(Crawled caption data)
----------
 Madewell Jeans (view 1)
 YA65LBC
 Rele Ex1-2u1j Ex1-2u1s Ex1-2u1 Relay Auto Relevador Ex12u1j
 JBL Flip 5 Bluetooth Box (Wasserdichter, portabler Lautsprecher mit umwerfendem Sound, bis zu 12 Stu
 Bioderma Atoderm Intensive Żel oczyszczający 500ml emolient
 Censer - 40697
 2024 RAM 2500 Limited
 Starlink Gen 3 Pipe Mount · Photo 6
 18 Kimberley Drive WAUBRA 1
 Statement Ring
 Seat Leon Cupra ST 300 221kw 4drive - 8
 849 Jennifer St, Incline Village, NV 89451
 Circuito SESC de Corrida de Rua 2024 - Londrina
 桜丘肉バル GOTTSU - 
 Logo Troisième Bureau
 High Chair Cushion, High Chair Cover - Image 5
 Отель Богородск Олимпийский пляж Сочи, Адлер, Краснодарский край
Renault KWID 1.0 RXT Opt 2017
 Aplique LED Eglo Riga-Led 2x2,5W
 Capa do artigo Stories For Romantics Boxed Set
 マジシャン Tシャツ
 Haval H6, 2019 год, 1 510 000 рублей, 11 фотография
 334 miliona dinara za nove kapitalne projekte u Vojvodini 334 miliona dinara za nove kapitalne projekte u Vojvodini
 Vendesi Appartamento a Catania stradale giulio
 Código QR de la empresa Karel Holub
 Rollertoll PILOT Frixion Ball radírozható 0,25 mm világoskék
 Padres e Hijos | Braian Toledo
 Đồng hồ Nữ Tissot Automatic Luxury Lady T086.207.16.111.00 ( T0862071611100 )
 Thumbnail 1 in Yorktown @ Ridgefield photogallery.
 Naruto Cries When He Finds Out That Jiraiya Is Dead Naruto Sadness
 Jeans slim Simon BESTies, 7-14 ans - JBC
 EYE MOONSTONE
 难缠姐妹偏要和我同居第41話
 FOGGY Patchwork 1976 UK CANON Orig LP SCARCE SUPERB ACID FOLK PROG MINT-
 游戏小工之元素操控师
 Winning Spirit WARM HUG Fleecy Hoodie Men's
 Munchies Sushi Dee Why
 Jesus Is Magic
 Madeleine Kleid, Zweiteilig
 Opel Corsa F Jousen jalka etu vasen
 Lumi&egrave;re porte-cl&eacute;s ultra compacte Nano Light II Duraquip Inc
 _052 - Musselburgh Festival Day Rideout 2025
----------
**Your goal:** An exact copy is needed of the lines from the one containing "Munchies Sushi Dee Why" through the end of the records.

**Answer below:**
 Munchies Sushi Dee Why
 Jesus Is Magic
 Madeleine Kleid, Zweiteilig
 Opel Corsa F Jousen jalka etu vasen
 Lumi&egrave;re porte-cl&eacute;s ultra compacte Nano Light II Duraquip Inc
 _052 - Musselburgh Festival Day Rideout 2025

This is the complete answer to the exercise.